Молчи. Молчи. Не говори с людьми,

Не подымай с души покрова,

Все люди на земле – пойми! Пойми! —

Ни одного не стоят слова.

Не плачь. Не плачь. Блажен, кто от людей

Свои печали вольно скроет.

Весь мир одной слезы твоей,

Да и ничьей слезы не стоит.

Таись, стыдись страданья твоего,

Иди – и проходи спокойно.

Ни слов, ни слез, ни вздоха, – ничего

Земля и люди недостойны.

Зинаида Гиппиус


Гиппиус Зинаида Николаевна ( 1869–1945) – поэт-символист ХХ века. Стихи писала от лица мужчины.
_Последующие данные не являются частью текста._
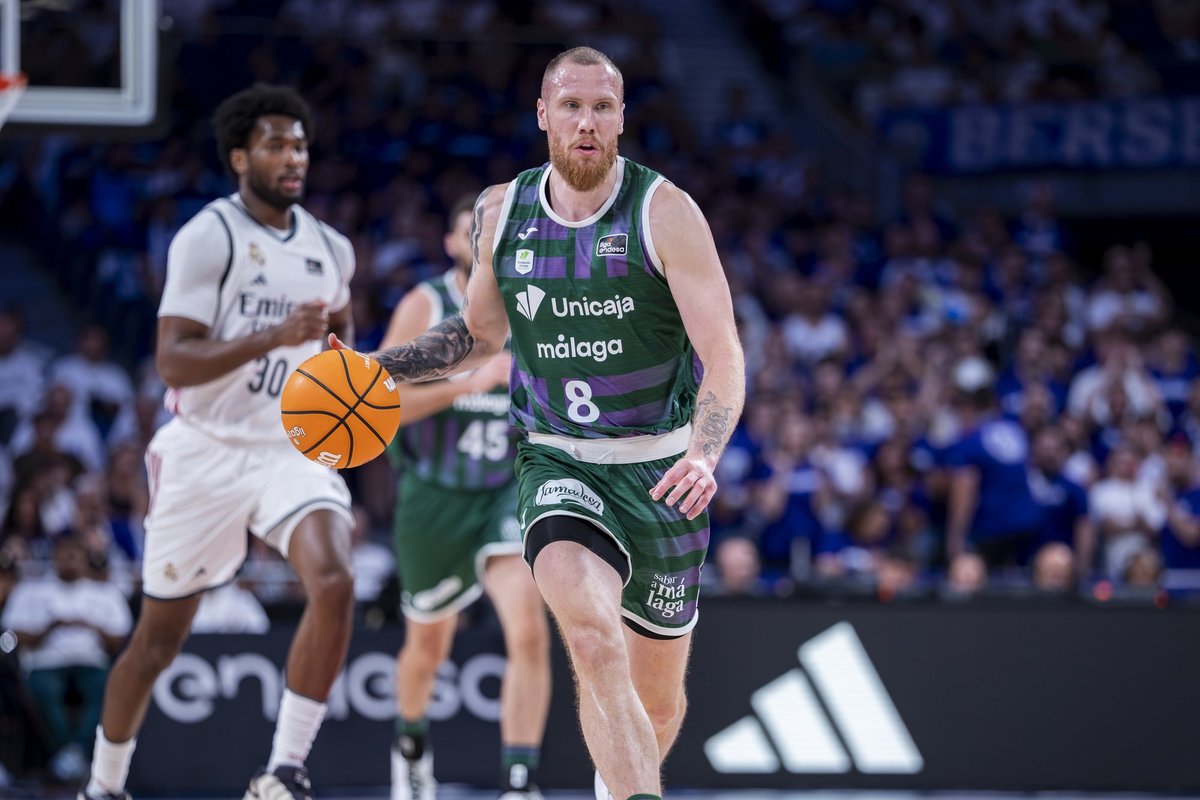 Photo: Delfi Unicaja Loses to La Laguna Tenerife as Brazdeikis and Lukošius Struggle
Может, оттого и мы говорим про нее в мужском роде: поэт, прозаик, критик, драматург. В женском роде ей подходит ныне лишь одно определение – то, которого и не бывает в мужском, – Легенда Серебряного века.
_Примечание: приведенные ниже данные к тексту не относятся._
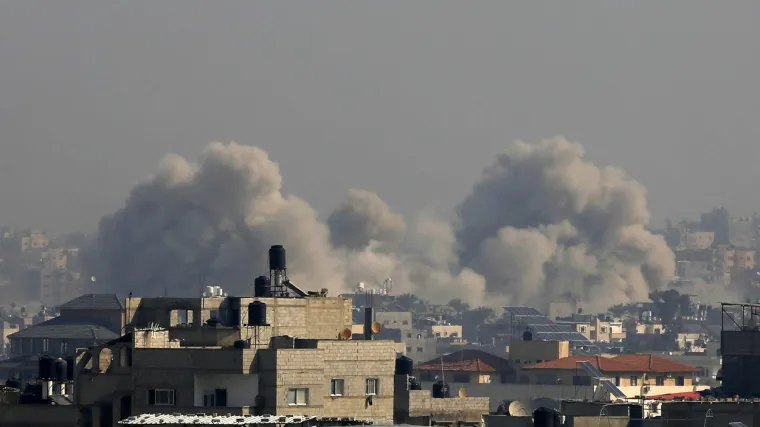 Izrael jača bombardiranje Pojasa Gaze: U napadu na jednu obiteljsku kuću poginulo je više od 20 ljudi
Она умерла в воскресенье, в 3 часа 33 минуты. Гроб опустили на гроб мужа. После войны на русском кладбище под Парижем это было в порядке вещей. И, поскольку ее интимный дневник – «Дневник любовных историй» – опубликуют на Западе только через четверть века, никто, стоя у могилы, так и не узнал, что усопшую по-настоящему интересовали в жизни только две вещи: любовь и как раз – смерть. Она не успеет, увы, закончить поэму «Последний круг». Зато успеет написать в ней: «Любовь – это главное в человеческой жизни; любовь связывает небо и землю…»
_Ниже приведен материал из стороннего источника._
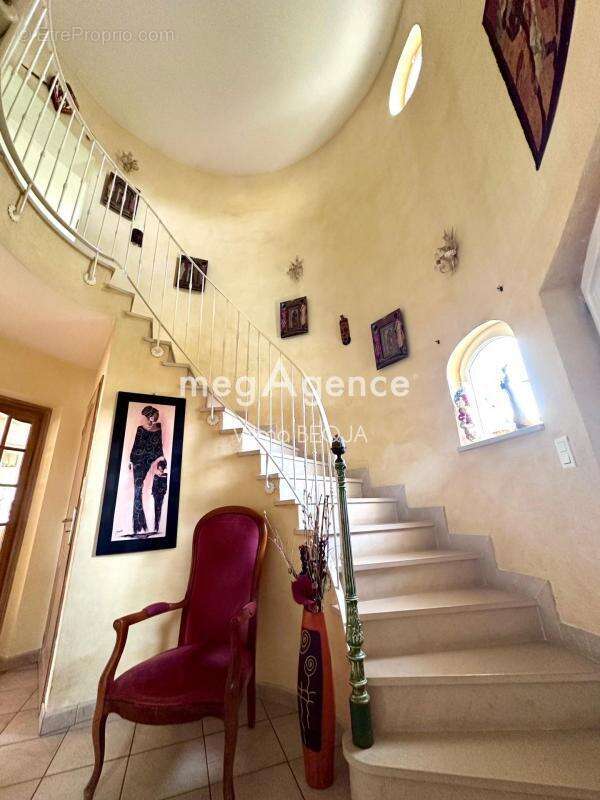 Maison à PONT-SUR-YONNE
Декадентская мадонна, «белая дьяволица», женщина, которую сам Бог удостоил «ручной выделки», наконец, стихотворка, которую при жизни звали «Достоевским русской поэзии», – она была единственной в своем роде. Целью ее было стать «не как все». Отказалась от титула (говорят, была из рода баронов фон Гиппиус), не желала, будучи немкой, учить немецкий, носила мужскую одежду, отбирала у влюбленных в нее обручальные кольца и вешала их в изголовье кровати и, представьте, издевалась над постельной, «той смешной любовью», про которую, как писала, «только знаю». Это, наверное, главное – была необычна в любви.